INPUT DATA: Begin

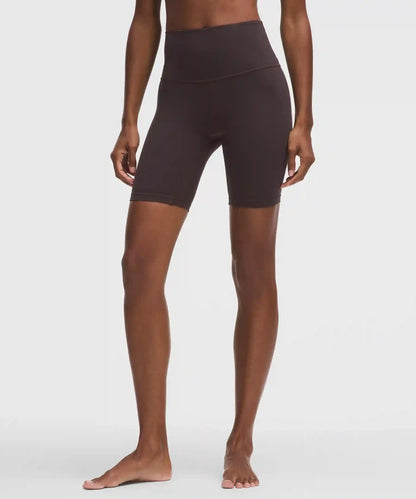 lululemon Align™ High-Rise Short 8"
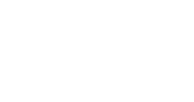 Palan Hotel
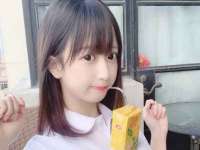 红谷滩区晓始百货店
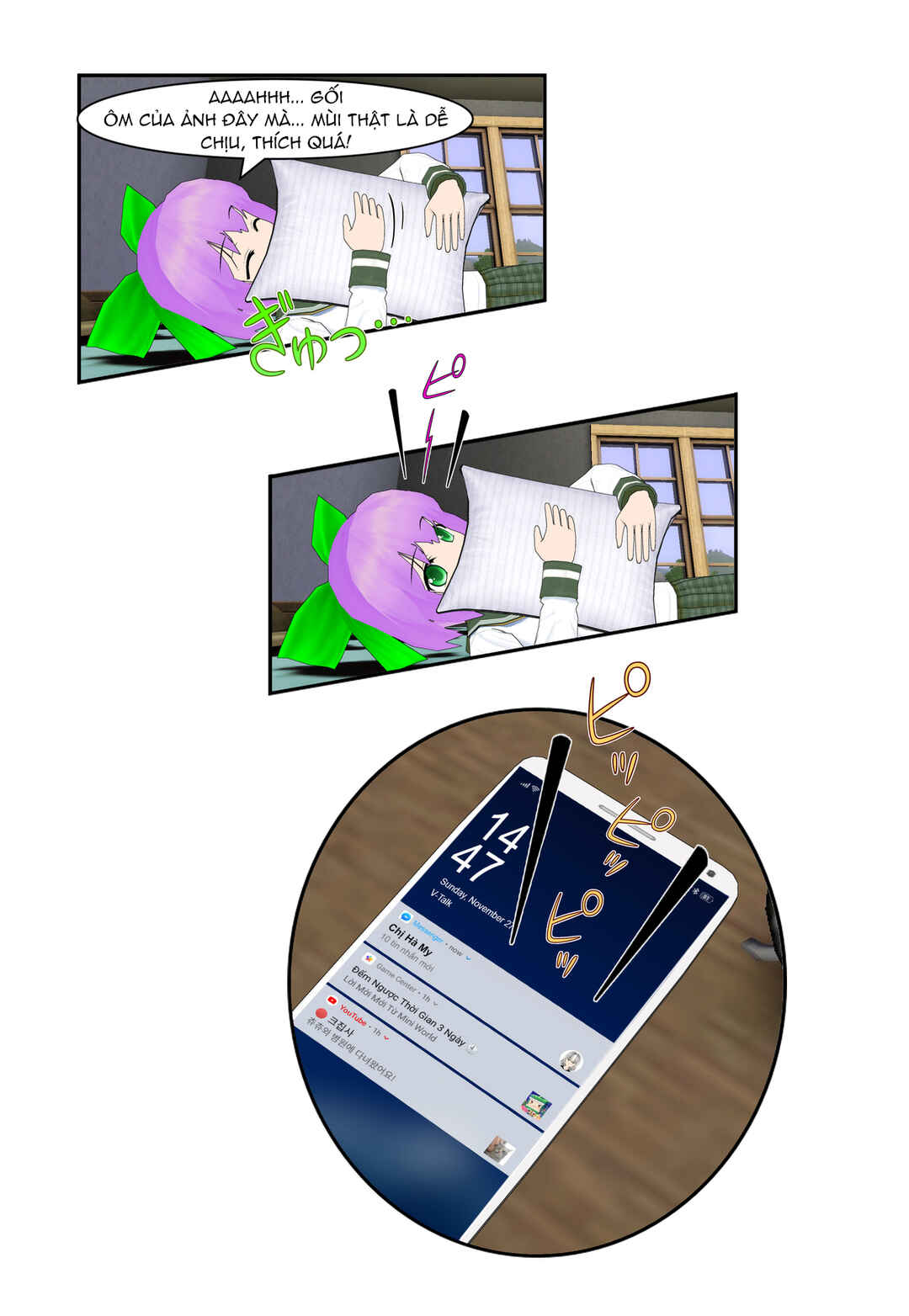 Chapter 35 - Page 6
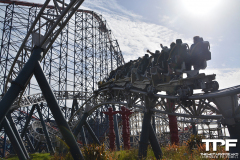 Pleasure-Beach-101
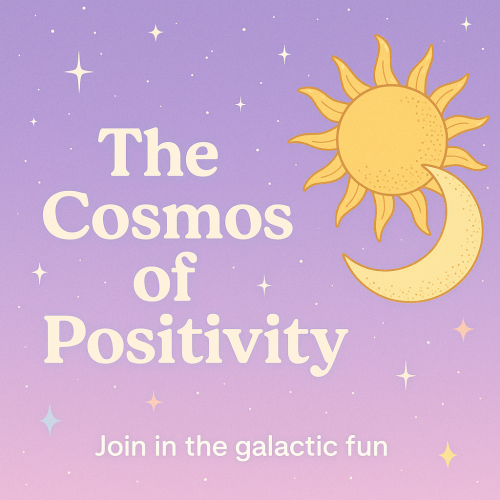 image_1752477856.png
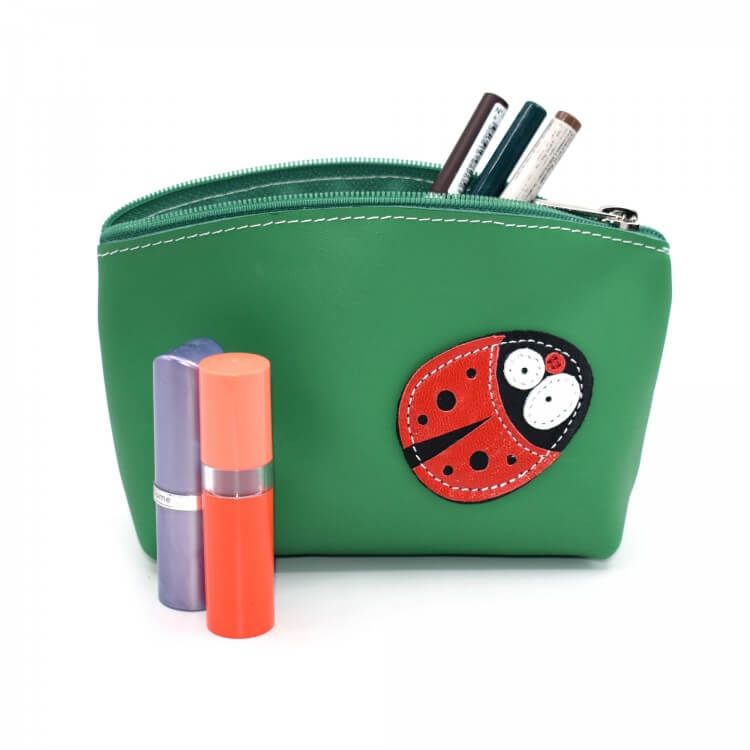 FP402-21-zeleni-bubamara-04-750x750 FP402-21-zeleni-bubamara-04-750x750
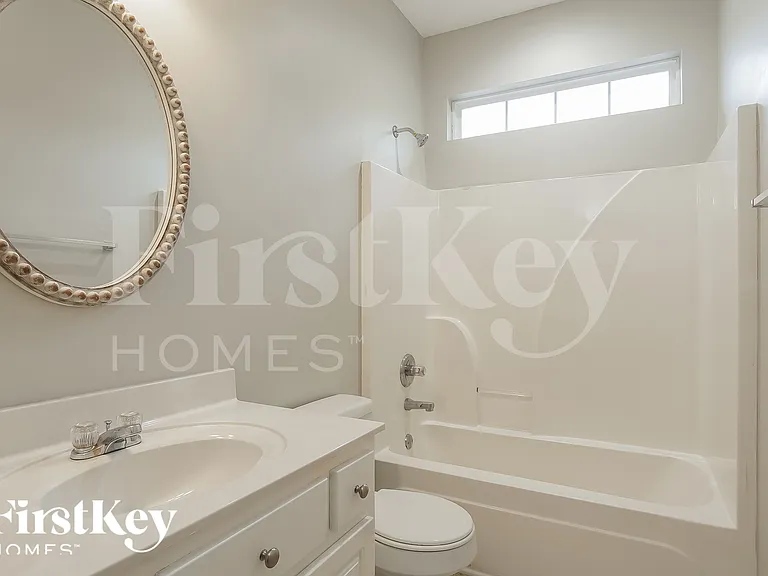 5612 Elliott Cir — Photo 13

INPUT DATA: End
INPUT DATA: Begin

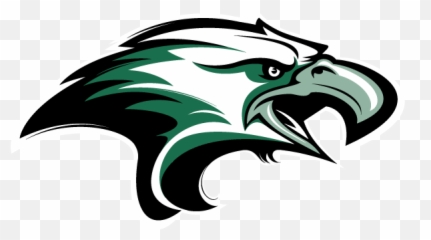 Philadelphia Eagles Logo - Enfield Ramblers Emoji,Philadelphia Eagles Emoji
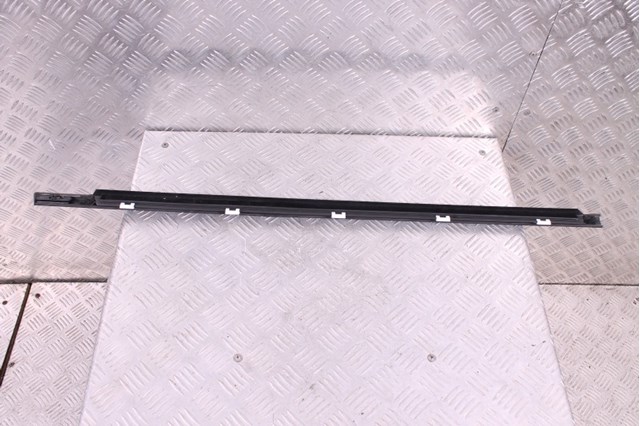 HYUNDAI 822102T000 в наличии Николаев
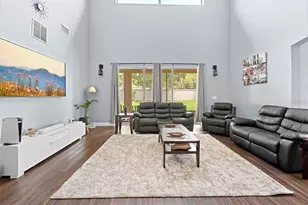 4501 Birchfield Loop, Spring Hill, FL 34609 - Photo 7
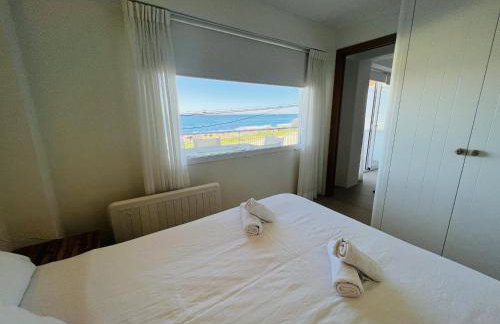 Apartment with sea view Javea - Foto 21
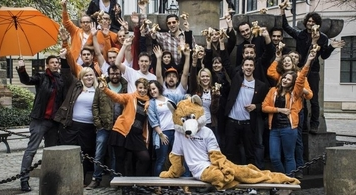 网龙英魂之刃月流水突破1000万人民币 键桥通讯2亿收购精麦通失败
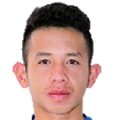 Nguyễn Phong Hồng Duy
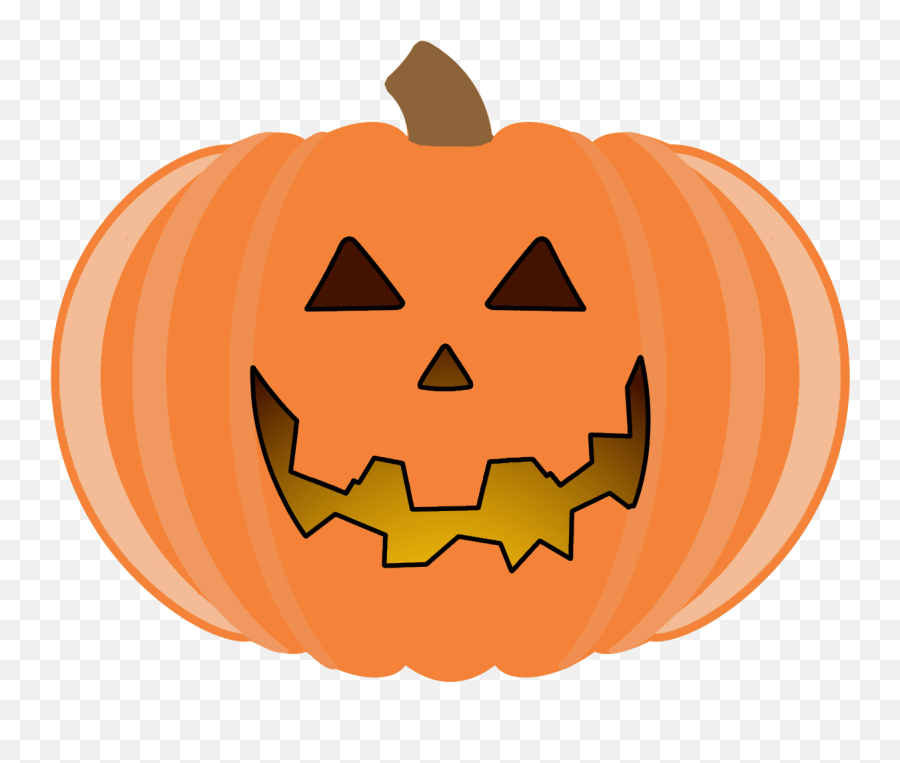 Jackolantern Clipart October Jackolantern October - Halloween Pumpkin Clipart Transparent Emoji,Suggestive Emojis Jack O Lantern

INPUT DATA: End

**EXERCISE DIRECTIONS**.
Starting with the line that has "网龙英魂之刃月流水突破1000万人民币 键桥通讯2亿收购精麦通失败" and going on through the line that has "Jackolantern Clipart October", transcribe the records above exactly, but skip the pictures.

**OUTPUT BELOW**.
 网龙英魂之刃月流水突破1000万人民币 键桥通讯2亿收购精麦通失败
 Nguyễn Phong Hồng Duy
 Jackolantern Clipart October Jackolantern October - Halloween Pumpkin Clipart Transparent Emoji,Suggestive Emojis Jack O Lantern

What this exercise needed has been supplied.